Levine has the endearing ability to be at once crass and charming. His manner can bristle as he speaks his mind and moves on. He spent a lifetime as an early riser and does not like to waste time. At 5-foot-9, he has gnarly fingers and forearms like Popeye's, without the tattoos. His eyes sparkle with emotions his statements lack, as when he spoke about how he met Rachael at a lecture while visiting family in Denver: "That was good luck."

The family's main livelihood was art. After arriving in Seattle in 1959, they lived in the Rainier Vista housing project for five years while he completed a UW master's of fine arts degree in ceramic sculpture. Rachael, who is retired after 28 years as a Seattle Central Community College education instructor, provided continuity when commissions waned. Josh's earliest memories were playing with clay in his father's studio. All three sons pursued the artist's life despite their father's struggle. Josh, 39, works at a custom metal company and both he and his younger brother Aaron sculpt and design furniture. The youngest brother, Jacob, who designed small planes, died in a 1987 plane accident.

Levine emotes in his work. Joy, strength, sadness and contentment reach out from both personal work and commissions. Sometime after Jacob died, Josh recalls a series of sculptures his father did with skin drooping from gaunt figures - disturbingly cathartic. "Walking on Logs" is a tribute to a spoken voice composition with a similar title by Levine's friend, composer and musician Hubbard Miller, who died in 1982. Levine designed it to reflect the whimsically descriptive similes in the composition, such as, "Walking on logs is like playing a game in which you are the ball!"

Levine appears to be a man growing content with his life. He has taken up golf and occasionally allows the sun to rise before him. Still driven, still "scared to death" he may one day run out of ideas, still sculpting several projects at once, Levine has the contenance of a person who knows he has arrived.

Colleagues from Ray Jensen to John Sisko praise Levine for his generosity in sharing his studio and expertise. Work continues. This week he hurried to crate two outdoor and three indoor sculptures for a rush order to a tony South Hampton, NY, gallery doing a brisk business among the monied set.

Levine leaves today for Trondheim, Norway, hired to manage a nordic heritage project to present a replica of Shilshole's Leif Ericson statue for the 1,000 anniversary of the city where Ericson is thought to have set sail for North America.

He's also relieved to be old enough to receive Social Security and rails against proposals to raise the age limit to 67 as "unconscionable. Anybody who worked hard physically at 50 is tired, at 65 is burned out."

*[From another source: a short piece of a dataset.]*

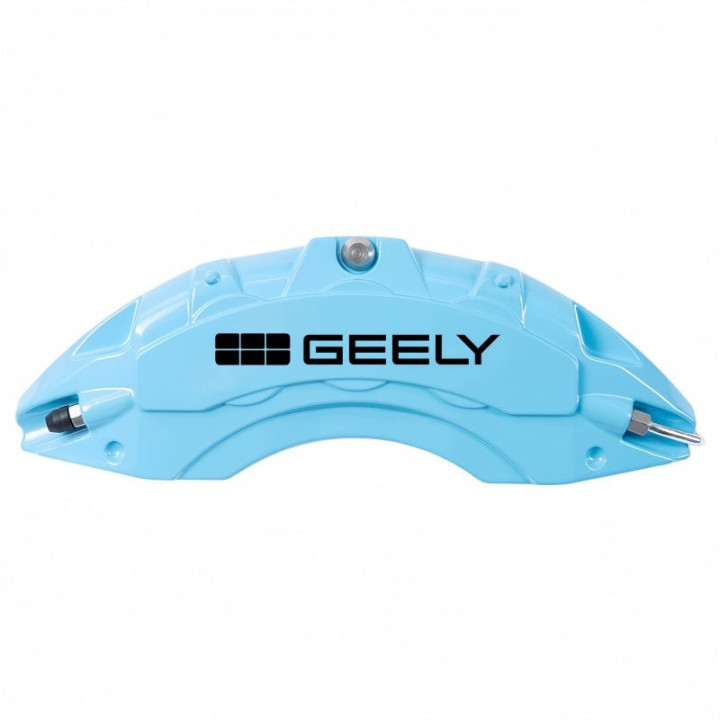 Brake Caliper Covers for Geely EX5/EX5 EM-i/Starray EM-i/E2/EX2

The artist's life is for the young - and in Levine's case, the stubborn - at heart.

"As you get older your level of circumspection changes," Levine said. "Your friends are getting older, some older friends have passed on. You see yourself in a different context. You begin to feel there is an edge of life; you no longer feel immortal. What do you want to spend your life doing? Part of doing art is to answer the question we all wonder: Why are we here?"